For those of you who aren’t dental, IRMER is an acronym in dentistry related to the laws of radiation protection and exposing patients to dangerous radiation.

All dentists have to be IRMER trained and we have a statutory responsibility to keep our IRMER training up to date.

When dentists take on board a CT scanner in their practice (CBCT) it’s becoming more and more unacceptable to be untrained in this area of work.

When I got my first CBCT in 2009 it was basically installed and we had 30 minutes with an engineer and we were off and running. It wasn’t much different in 2014 with the second one.

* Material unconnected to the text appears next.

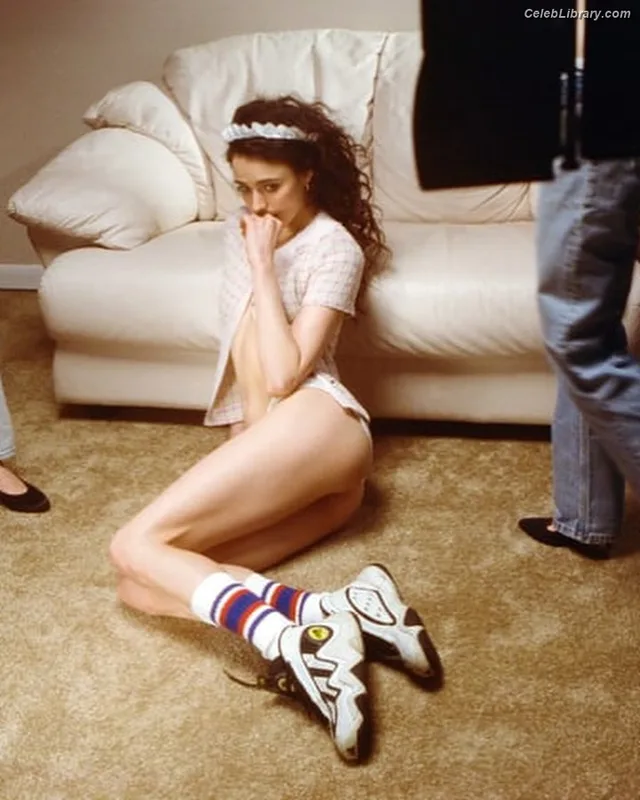 Margaret Qualley photo 18 of 1300
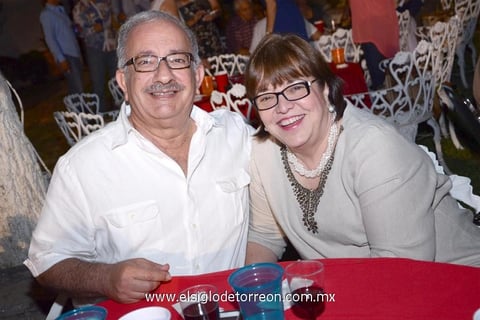 ALEJANDRO  y Marilú Gidi.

Nowadays in the dental market place, it’s become a bit more unacceptable to just ‘fly free’ when you buy a CBCT scanner because some of the radiation doses in these machines are quite significant and you should really know what you’re doing when you use it, and even more so when you look at the scans.

So, here comes the IRMER versus insight thing.

Insight is gained from purposeful practice and from looking at CBCT scans in a particular way and analysing them and applying that to the procedure you’re going to do together with retrospectively viewing things afterwards to continue to learn.

You don’t learn that on an IRMER course, you learn about the basics of radiation production and the damage of radiation but you don’t get insight into assessing CBCT scans over multiple platforms and how to use them in your practice to the patient’s best benefit.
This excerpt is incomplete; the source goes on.